Fußball - Rheinlandliga - SG Bad Breisig
Breisig überrennt SG 2000 Mülheim-Kärlich
Mülheim-Kärlich. Am Ende des Spieles war die Erleichterung mit Händen greifbar. So gelöst und gelassen hat man die Spieler von Trainer Ilkay Keskin in den letzten Wochen nicht mehr gesehen. Die Breisiger mussten bei der SG Mülheim Kärlich antreten. Diese waren gut in die Saison gestartet und wollten auch den Nachbarn vom Rhein zeigen, wer Herr im Sesterhennstadion ist.
Entsprechend legte die Mannschaft auch los. Ilkay Keskin musste in der Abwehr umstellen, da Stephan Krist krankheitsbedingt ausfiel. So musste Melf Hargens in der Innenverteidigung ran. Bereits in der ersten Minute ging er etwas ungestüm in einen Zweikampf und verursachte damit einen Elfmeter. Diese Chance ließen sich die Gastgeber nicht nehmen und gingen damit schon früh in Führung. Entgegen der Erwartungen warf dies die Gäste allerdings nicht aus der Bahn. Sie zogen ihr gewohnt gutes und druckvolles, wenn auch bislang nicht von Erfolg gekröntes, Spiel auf und belohnten sich schließlich selbst. Schon in der 4. Minute erzielte Alper Dogan auf Steilpass von Edis Alioglu, den Ausgleich. In der 7. Minute schoss Jan Rieder einen Freistoß in Richtung Mülheim-Kärlicher Tor.
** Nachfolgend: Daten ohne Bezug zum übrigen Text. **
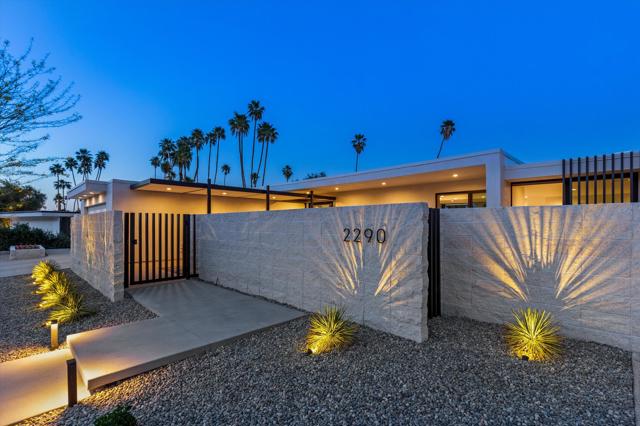 2290 S Yosemite Drive, Palm Springs CA: https://media.crmls.org/mediaz/a703de86-01d5-4884-bf1e-c7d4d40d46ea.jpg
Dieser wurde von der Mauer abgefälscht und landete genau vor den Füßen von Edis Alioglu, der den Ball in den Maschen unterbringen konnte. Der Jubel war riesengroß und das halbe Stadion war aus dem Häuschen. Die Mannschaft um Kapitän Florian Lückenbach hielt den Druck auch weiterhin hoch und belohnte sich in der 14. Minute erneut. Nach einem tollen Zuspiel aus dem Mittelfeld leitete Jan Rieder per Direktabnahme von der linken Seite den Ball auf den Kopf von Alper Dogan. Dieser hatte kaum Mühe das dritte Tor für Bad Breisig zu erzielen. Im Anschluss gab es noch einige Großchancen für die Breisiger, die der Torwart der Heimmannschaft jedoch abwehren konnte. So auch den fulminanten Schuss von Jan Rieder in der 41. Minute.
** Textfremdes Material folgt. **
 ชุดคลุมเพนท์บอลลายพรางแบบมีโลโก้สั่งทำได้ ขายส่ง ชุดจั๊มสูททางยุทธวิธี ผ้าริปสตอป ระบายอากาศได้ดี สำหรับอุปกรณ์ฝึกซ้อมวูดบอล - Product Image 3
Der Trainer von Mülheim-Kärlich war mit seiner Mannschaft sichtlich unzufrieden, hatte sich seine Mannschaft doch kaum eine nennenswerte Chance herausgespielt. Bereits in der Pause wechselte er zwei Mal aus. Aber auch diese Auswechslungen beeindruckten die Quellenstädter nicht weiter. Sie setzten die Mannschaft aus der Nachbarstadt weiter unter Druck und ließen selber nicht viele Schüsse des Gegners zu. Nach den kurzzeitigen Schwierigkeiten zu Anfang des Spieles stand die Verteidigung mit Akcakoca, Hargens, Begen und Remark sehr sicher, sodass Torwart Michael Prangenberg zum ersten Mal in der 80. Minute richtig eingreifen musste.
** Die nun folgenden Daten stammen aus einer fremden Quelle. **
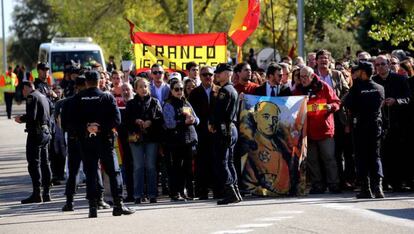 Un grupo de personas espera en Mingorrubio la llegada de los restos de Franco.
Zu guter Letzt war es dann Giovanni Lubaki, der einen Pass von Sead Siljkovic aufnahm und sich alleine auf dem Weg zum Tor machte. Trotz eines Fouls im Strafraum ließ er sich nicht beirren und schloss den Konter kurz vor Ende der Partie mit dem 4:1 ab. Trainer Keskin war nach dem Spiel ganz aus dem Häuschen: „Die Systemumstellung hat ihre Wirkung gezeigt, wir haben endlich mal die Tore gemacht und die Punkte verdient mitgenommen. Jetzt haben wir das nötige Selbstbewusstsein und werden so manch einem Gegner noch ein Beinchen stellen!“
Ein Lob der Mannschaft geht auch an die vielen Gästefans, die in Mülheim-Kärlich mächtig positive Stimmung gemacht haben. „Daran sieht man, dass sie die Mannschaft noch nicht abgeschrieben haben und hinter ihr stehen,“ meinte Kapitän Florian Lückenbach nach dem Spiel, als alle noch lange zusammenstanden und den Sieg feierten.